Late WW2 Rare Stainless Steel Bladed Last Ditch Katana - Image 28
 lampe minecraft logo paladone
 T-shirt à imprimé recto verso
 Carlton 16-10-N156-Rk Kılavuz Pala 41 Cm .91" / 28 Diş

_Exercise:_ Set down each line of the material above again, exactly.

_Problem solution:_
Late WW2 Rare Stainless Steel Bladed Last Ditch Katana - Image 28
 lampe minecraft logo paladone
 T-shirt à imprimé recto verso
 Carlton 16-10-N156-Rk Kılavuz Pala 41 Cm .91" / 28 Diş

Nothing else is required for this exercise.